Problem to work on ▸
Pictures are to be left out. Return exactly the lines below from the one with "Heavy Duty Dog Crate Lockable Wheels" up to and including the one with "Adjustable DC Power".

═════ Available data

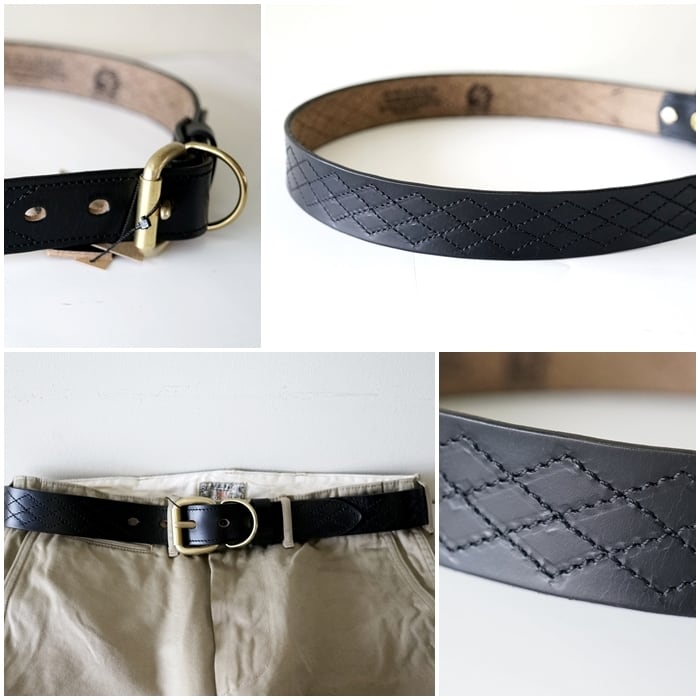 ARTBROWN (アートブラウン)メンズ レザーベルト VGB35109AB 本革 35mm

══════════
═════ Available data

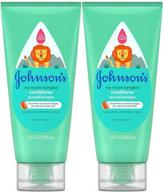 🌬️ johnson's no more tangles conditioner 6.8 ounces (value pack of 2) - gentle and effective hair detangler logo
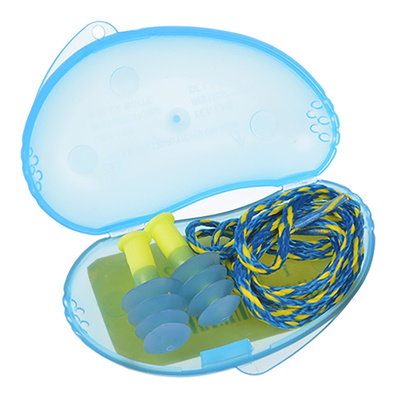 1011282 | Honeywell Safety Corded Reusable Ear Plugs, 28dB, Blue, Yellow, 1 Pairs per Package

══════════
═════ Available data

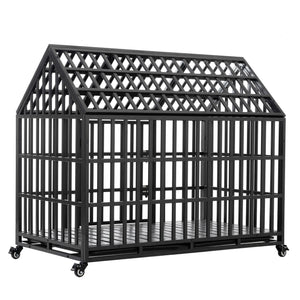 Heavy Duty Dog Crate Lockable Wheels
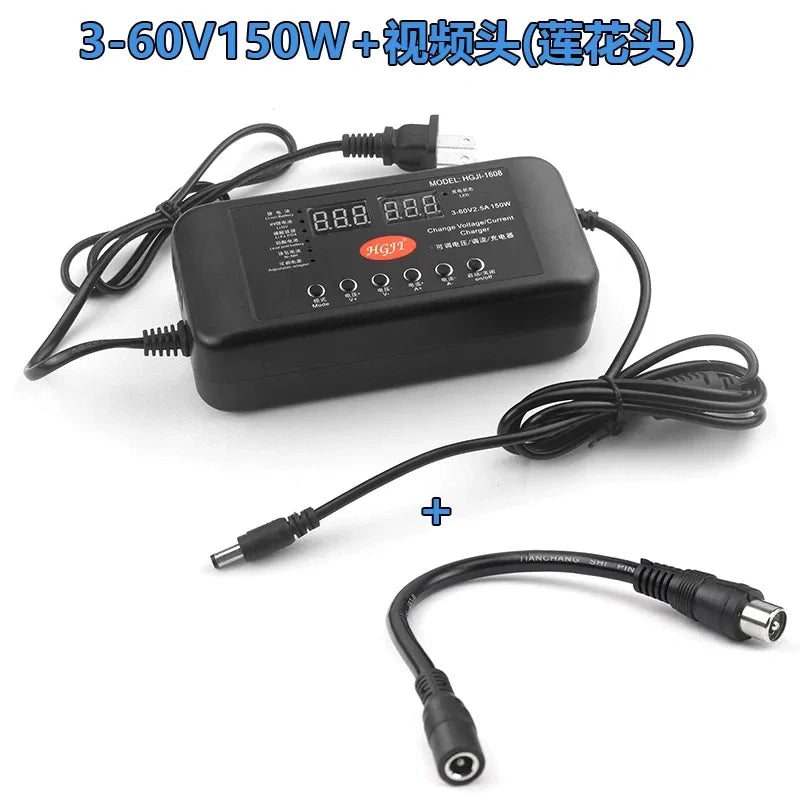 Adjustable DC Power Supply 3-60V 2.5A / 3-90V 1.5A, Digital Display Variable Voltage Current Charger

══════════

Written solution ▸
 Heavy Duty Dog Crate Lockable Wheels
 Adjustable DC Power Supply 3-60V 2.5A / 3-90V 1.5A, Digital Display Variable Voltage Current Charger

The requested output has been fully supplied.